What you should do =
Repeat exactly the lines of the material below that run from the "Aniston SELECTED Zomerjurk" line to the "Samuel B. Sterling" line, including both, and do not carry over any pictures.

Given information =
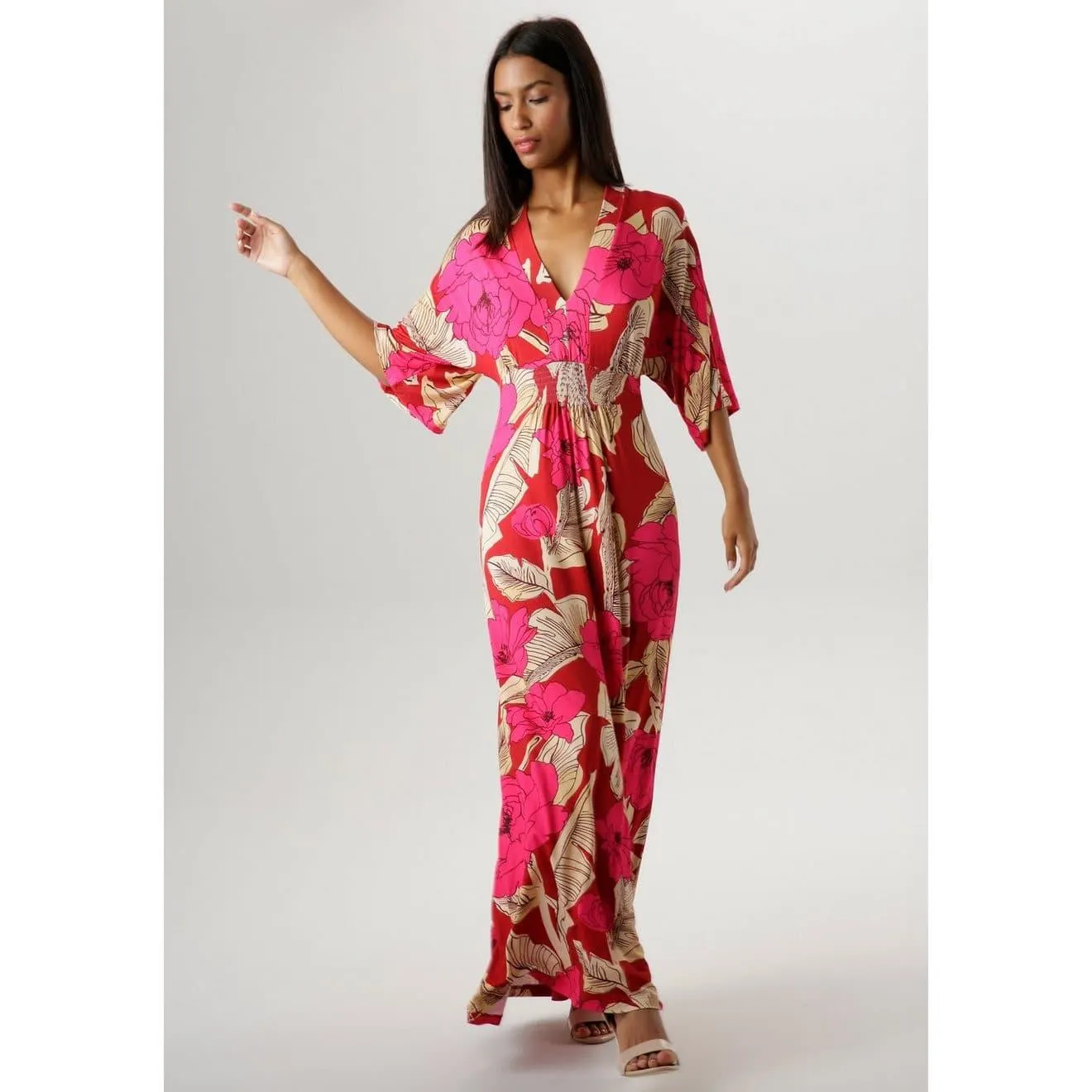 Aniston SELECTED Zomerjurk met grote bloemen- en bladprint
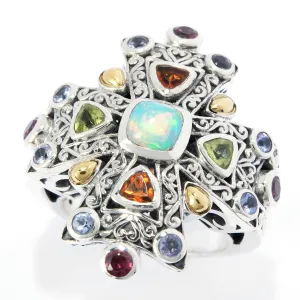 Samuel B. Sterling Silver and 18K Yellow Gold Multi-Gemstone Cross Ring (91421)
==
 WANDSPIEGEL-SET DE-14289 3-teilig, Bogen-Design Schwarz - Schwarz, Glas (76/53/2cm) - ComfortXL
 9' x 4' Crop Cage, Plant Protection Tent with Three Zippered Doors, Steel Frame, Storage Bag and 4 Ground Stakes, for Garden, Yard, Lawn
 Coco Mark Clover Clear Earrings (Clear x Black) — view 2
* * *
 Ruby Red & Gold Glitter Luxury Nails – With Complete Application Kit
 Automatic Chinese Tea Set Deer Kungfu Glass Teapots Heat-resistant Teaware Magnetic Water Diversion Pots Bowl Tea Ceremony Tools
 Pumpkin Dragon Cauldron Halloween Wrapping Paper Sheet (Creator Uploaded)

Output below =
 Aniston SELECTED Zomerjurk met grote bloemen- en bladprint
 Samuel B. Sterling Silver and 18K Yellow Gold Multi-Gemstone Cross Ring (91421)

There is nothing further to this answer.